Convert CSV files to Avro like a boss.

Installation

$ gem install csv2avro

or if you prefer to live on the edge, just clone this repository and build it from scratch.

Usage

Basic

$ csv2avro --schema ./spec/support/schema.avsc ./spec/support/data.csv

This will process the data.csv file and creates a data.avro file and a data.bad file with a report of the bad rows.

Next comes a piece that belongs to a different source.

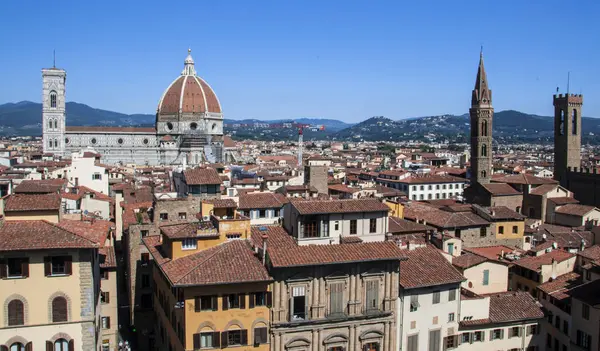 Palazzo Vecchio Kulesi'nden Floransa çatıları ve katedralinin muhteşem manzarası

You can override the bad rows report file location with the --bad-rows [BAD_ROWS] option.

Streaming

$ cat ./spec/support/data.csv | csv2avro --schema ./spec/support/schema.avsc --bad-rows ./spec/support/data.bad > ./spec/support/data.avro

This will process the input stream and push the avro data to the output stream. If you're working with streams you will need to specify the --bad-rows location.

Advanced features

AWS S3 storage

aws s3 cp s3://csv-bucket/transactions.csv - | csv2avro --schema ./transactions.avsc --bad-rows ./transactions.bad | aws s3 cp - s3://avro-bucket/transactions.avro

This will stream your file stored in AWS S3, converts the data and pushes it back to S3. For more information, please check the AWS CLI documentation.

Convert compressed files

gunzip -c ./spec/support/data.csv.gz | csv2avro --schema ./spec/support/schema.avsc --bad-rows ./spec/support/data.bad > ./spec/support/data.avro

This will uncompress the file and converts it to avro, leaving the original file intact.

More

For a full list of available options, run csv2avro --help

$ csv2avro --help
Version 1.0.1 of CSV2Avro
Usage: csv2avro [options] [file]
    -s, --schema SCHEMA              A file containing the Avro schema. This value is required.
    -b, --bad-rows [BAD_ROWS]        The output location of the bad rows report file.
    -d, --delimiter [DELIMITER]      Field delimiter. If none specified, then comma is used as the delimiter.
    -a [ARRAY_DELIMITER],            Array field delimiter. If none specified, then comma is used as the delimiter.
        --array-delimiter
    -D, --write-defaults             Write default values.
    -c, --stdout                     Output will go to the standard output stream, leaving files intact.
    -h, --help                       Prints help

Contributing

  1. Fork it ( https://github.com/sspinc/csv2avro/fork )
  2. Create your feature branch (git checkout -b my-new-feature)
  3. Commit your changes (git commit -am 'Add some feature')
  4. Push to the branch (git push origin my-new-feature)
  5. Create a new Pull Request